Emergency Medicine: Quality Improvement
Emergency Medicine 5 B
Naomi Hughes, MD (she/her/hers)
Assistant Clinical Professor of Pediatrics, Perelman School of Medicine, University of Pennsylvania
Childrens Hospital of Philadelphia
Philadelphia , Pennsylvania, United States
Our institution opened a satellite pediatric hospital site in January 2022, with a 20-bed emergency department (ED) and predicted volume of 23,000 ED patients/year. The viral season of 2022 strained our system resulting in high numbers of patients leaving without being seen reaching as high as 28% We describe our quality improvement efforts to approach this problem through monitoring data and making iterative changes to improve ED throughput and improve access to care for our community.
Objective:
We used a quality improvement framework to identify interventions to improve ED throughput with an aim to achieve and maintain a left without being seen (LWBS) rate of < 1.6%.
Design/Methods:
We analyzed the problem of high LWBS rates by identifying primary and secondary drivers causing delays in ED throughput.(Figure 1) Several change concepts were identified and we implemented feasible changes both locally with our ED by increasing space and staffing resources, as well as outside the ED with enterprise-wide efforts.
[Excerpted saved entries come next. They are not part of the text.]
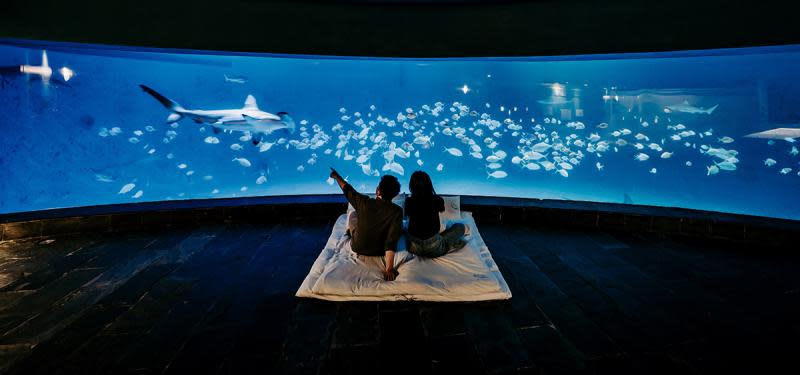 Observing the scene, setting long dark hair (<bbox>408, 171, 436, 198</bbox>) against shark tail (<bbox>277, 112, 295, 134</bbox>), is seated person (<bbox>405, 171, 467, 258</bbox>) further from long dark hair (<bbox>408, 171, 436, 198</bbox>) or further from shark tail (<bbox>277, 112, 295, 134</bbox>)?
shark tail (<bbox>277, 112, 295, 134</bbox>)

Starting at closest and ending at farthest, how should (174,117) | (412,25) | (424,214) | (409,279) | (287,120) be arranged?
(409,279)
(424,214)
(412,25)
(174,117)
(287,120)

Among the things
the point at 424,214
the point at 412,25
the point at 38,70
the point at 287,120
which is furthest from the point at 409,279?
the point at 38,70

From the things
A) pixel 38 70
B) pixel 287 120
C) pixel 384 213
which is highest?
pixel 38 70

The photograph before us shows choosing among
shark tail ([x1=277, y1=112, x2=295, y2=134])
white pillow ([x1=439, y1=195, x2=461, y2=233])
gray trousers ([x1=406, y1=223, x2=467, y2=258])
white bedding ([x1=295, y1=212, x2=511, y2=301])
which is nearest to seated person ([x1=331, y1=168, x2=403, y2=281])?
white bedding ([x1=295, y1=212, x2=511, y2=301])

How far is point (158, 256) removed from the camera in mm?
4004

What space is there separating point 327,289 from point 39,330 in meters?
2.18

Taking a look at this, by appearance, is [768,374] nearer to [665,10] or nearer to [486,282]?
[486,282]

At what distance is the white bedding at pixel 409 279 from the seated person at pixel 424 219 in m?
0.10

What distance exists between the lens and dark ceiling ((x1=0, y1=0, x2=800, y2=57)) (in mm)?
4367

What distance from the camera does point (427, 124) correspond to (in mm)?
34062

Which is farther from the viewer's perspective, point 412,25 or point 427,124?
point 427,124

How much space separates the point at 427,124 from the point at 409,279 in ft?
105

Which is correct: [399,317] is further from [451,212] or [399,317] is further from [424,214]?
[451,212]

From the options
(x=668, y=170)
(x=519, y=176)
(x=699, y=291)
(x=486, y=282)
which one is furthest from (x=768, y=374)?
(x=668, y=170) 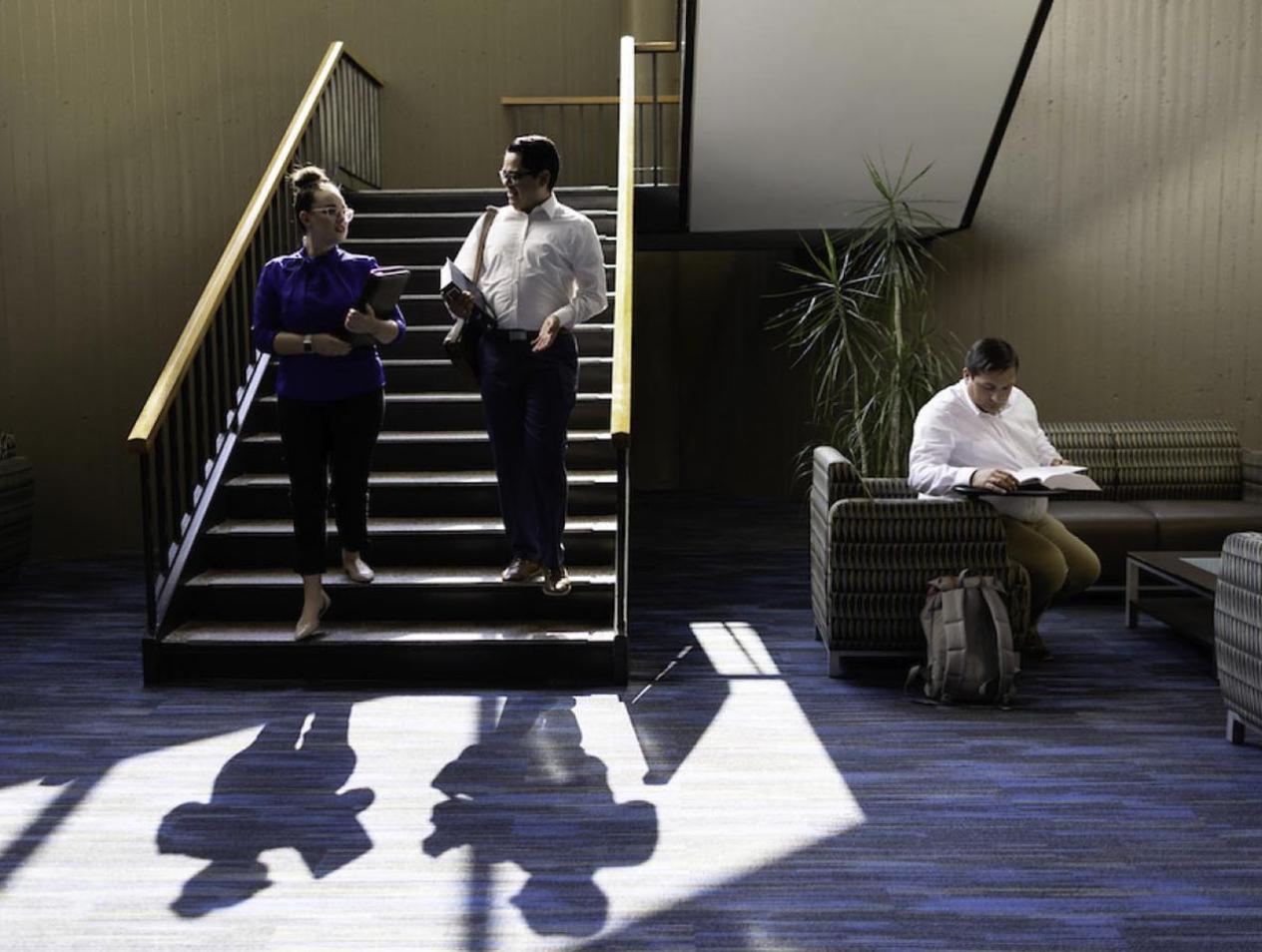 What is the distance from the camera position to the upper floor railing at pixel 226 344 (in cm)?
496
We monitored many throughput metrics, including LWBS rate, number of patients presenting, and number of patients waiting in the ED for an inpatient bed longer than 4 hours from bed request (High Occupancy Hold(HOH)).
Results:
The SPC chart of LWBS rates in figure 2 demonstrates centerline shifts in negative and positive directions, correlating with Respiratory Syncytial Virus (RSV) noted in figure 3. Our interventions are listed in figure 2. The biggest drop in LWBS rates coincided with implementation of a hospital wide effort increasing inpatient capacity and decreasing HOH patients in the ED, the opening of a surge space to care for ED patients, as well as a decrease in number of patients with RSV. Figure 3 shows that the drop in number of HOH patients preceded the drop in number of RSV patients during the last two weeks of November.
Conclusion(s):
The emergency department is uniquely positioned to identify when adequate access to health care is threatened. Our LWBS rate was significantly impacted by the increase RSV in our community. There is a point in which restructuring resources within the ED alone is not sufficient to provide adequate ED throughput. We were ultimately able to provide an enterprise-wide response that incorporated shifts in resources across a larger system to improve access to ED care more rapidly than restructuring resources within the ED alone. Identifying when ED resources are inadequate and initiating a system wide response would be helpful in the future to allow continued access to high quality ED care by maintaining ED throughput and keeping LWBS rates below 1.6%.